Burnett was one of five of the “Burnett boys,” a group of him and his brothers, who all served in the military at the same time. They had three older brothers who served in WWII.
The Mountaineer even wrote an article about the unusual event in the early 1960s. After all, how many people can say they served in the military while four of their siblings were doing the same?
“I’m just so proud of him and his service,” said Mary Burnett, Bill’s wife.
Burnett just turned 90. Although he was the fourth of his 12 siblings, he’s now the oldest living one.
Born in Union County, Georgia, Burnett’s family moved to Bethel in 1943, when he was 12 years old. They settled into the community well, though times were tough by today’s standards.
“There were three or four people to a bedroom,” Bill Burnett said. “But we didn’t know what being poor was.”
Burnett started out in the Army when he was 17 — he was drafted before even finishing high school. Throughout his 22-year career in the military Burnett also served in the Navy and in the Air Force. Little did he know at the time that he would serve longer than any of his brothers.
“I gave them 22-and-a-half years,” Burnett said of the military.
His favorite branch of the military was the Air Force, where he served as a member of the Security Police. Burnett said he spent a lot of time “walking guard” on military planes.
At 90, Burnett’s military career is now mostly condensed to one briefcase. That’s where he now keeps newspaper clippings, certificates, photos and more. He took it everywhere in the service, and occasionally sifts through it. Though he struggled with memory loss, when he looks through all his documents, memories come back.

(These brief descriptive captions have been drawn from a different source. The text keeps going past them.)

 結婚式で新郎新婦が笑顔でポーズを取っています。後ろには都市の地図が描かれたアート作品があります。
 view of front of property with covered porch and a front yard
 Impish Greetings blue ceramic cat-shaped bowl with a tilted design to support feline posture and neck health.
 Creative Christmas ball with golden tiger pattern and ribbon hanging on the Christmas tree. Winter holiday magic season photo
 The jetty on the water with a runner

Not even his wife Mary Burnett knows every detail of his career. In fact, she only recently found a newspaper clipping he has from the Seattle Post-Intelligencer from the early ‘60s.
In the article, Bill Burnett was recognized for his efforts as the first on the scene when a military plane crashed shortly after taking off in Seattle.

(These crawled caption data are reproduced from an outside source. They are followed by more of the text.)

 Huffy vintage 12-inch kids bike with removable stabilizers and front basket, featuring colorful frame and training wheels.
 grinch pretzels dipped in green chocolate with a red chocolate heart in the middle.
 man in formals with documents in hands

“When we got there, the flames were 10 to 20 feet high. We heard a man calling for help. He was out of the wreckage, but a tree had fallen on him and broken one of his legs. Two of us lifted the tree off of him and the third pulled him out from under the tree,” Bill Burnett recounted in the Seattle Post-Intelligencer.
The article lauded him as a hero, a crucial player in saving the lives of his fellow servicemen.

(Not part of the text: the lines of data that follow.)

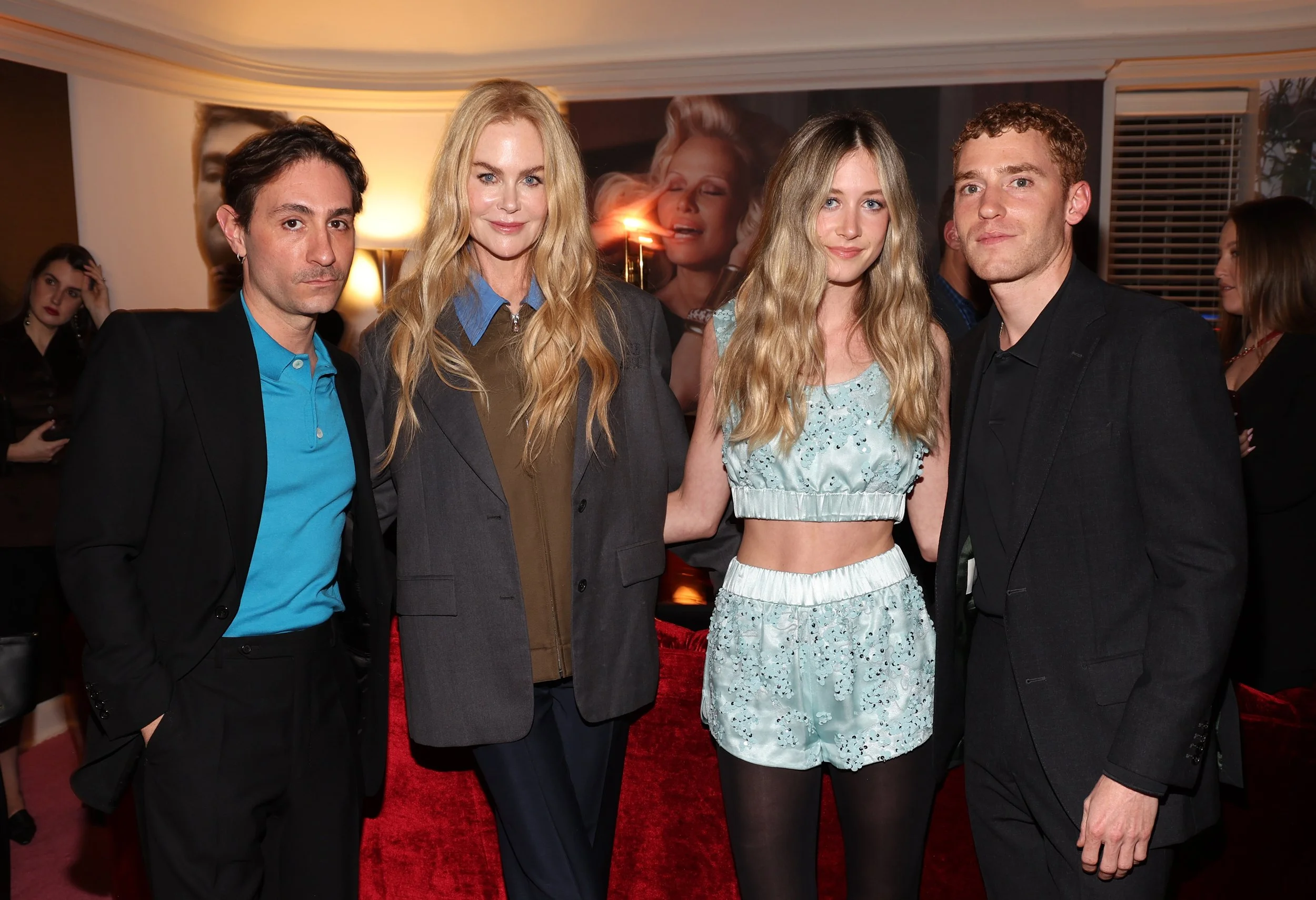 Actress Nicole Kidman posing with a group of attendees at a W Magazine Best Performances event produced by Missy Meyer.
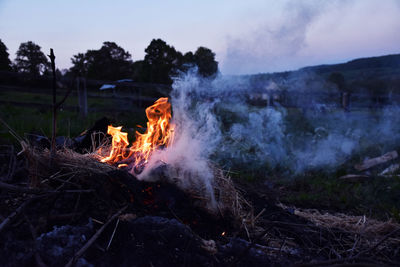 Bonfire on land during sunset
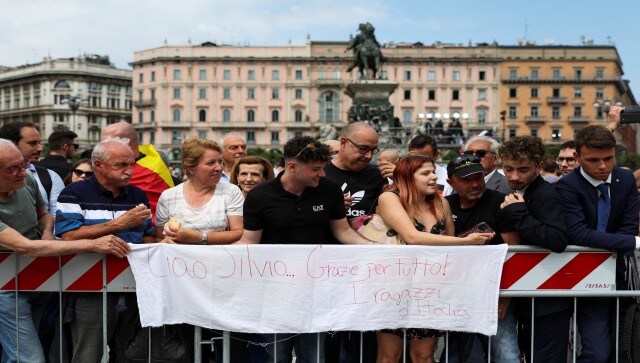 People wait for the funeral of former Italian Prime Minister Silvio Berlusconi. Supporters of Berlusconi’s legacy cite his success in unifying the Italian center-right after the collapse of the post-war political landscape with the 1990s “Clean Hands” corruption scandal. Reuters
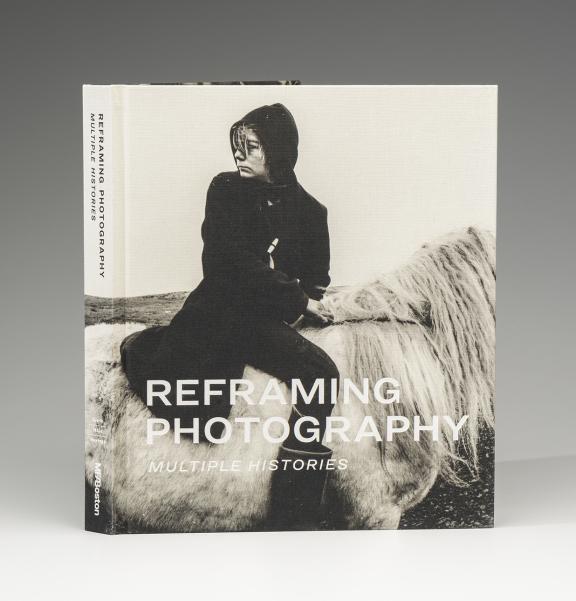 Book cover for Reframing Photography: Multiple Histories. A young person in black sitting on a white horse. They look over their shoulder.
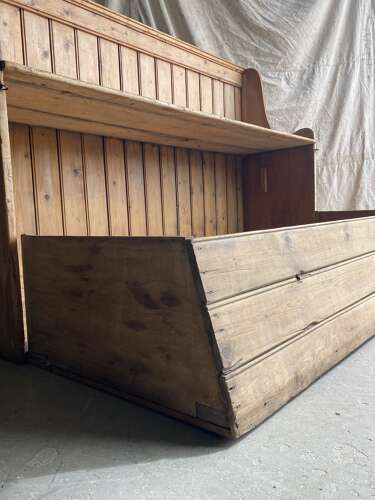 A rare antique 19th century vernacular pine Irish settle bed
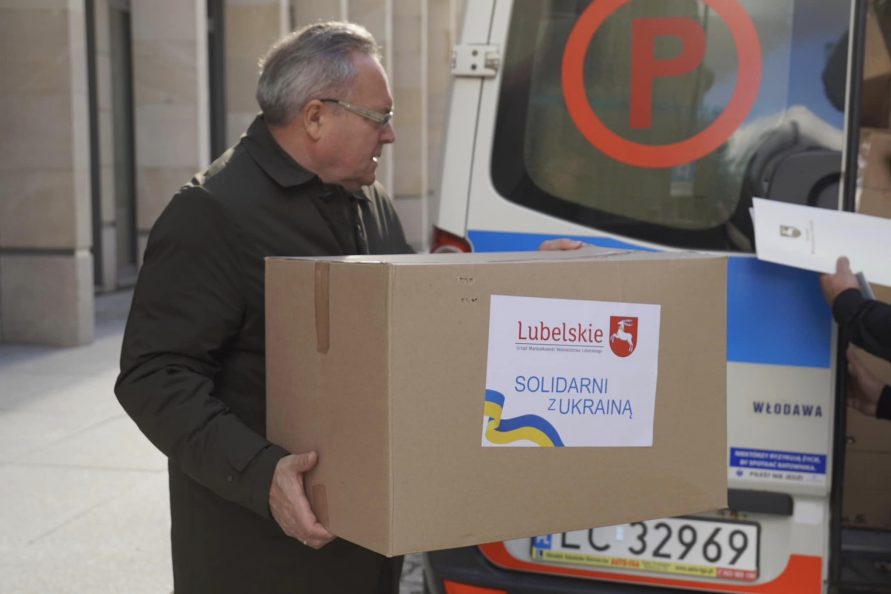 Zbigniew Wojciechowski wicemarszałek niesie pudło tekturowe z napisem Solidarni z Ukrainą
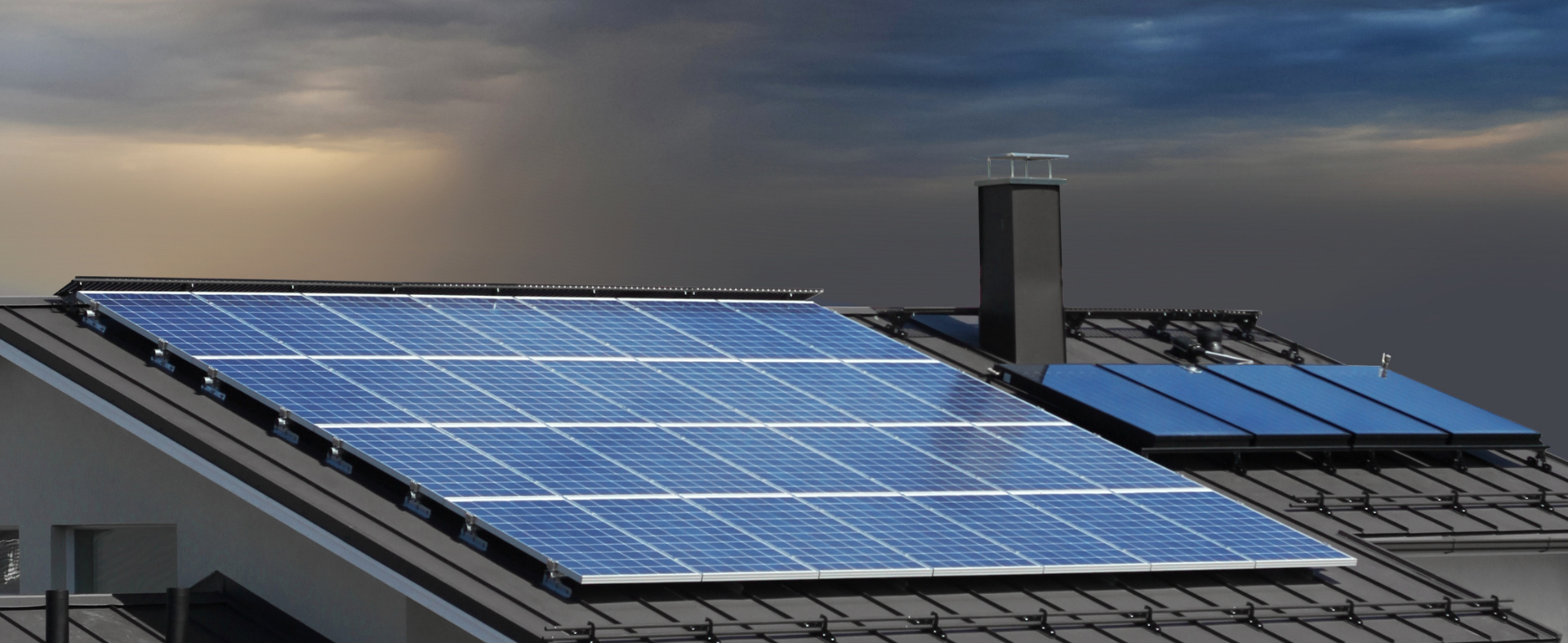Roof with solar panels and dark cloudy storm above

But Bill Burnett has always seen his heroics a bit differently.
“I’m not a hero, I was just doing what I was trained to do,” he said, looking back on the event.
Either way, his decades of service in three branches of the military are a point of pride for his family. Mary Burnett has pictures of them together at weddings, with Bill all decked out in his special air force garb. She said relatives often request that he wear the special outfit to honor the time he spent serving his country.
Now, Bill Burnett’s life is much different. He’s been forced to slow down some, though he and his wife Mary Burnett will tell you — he’d much rather be up and about.
“I’m too young to sit still,” Burnett said.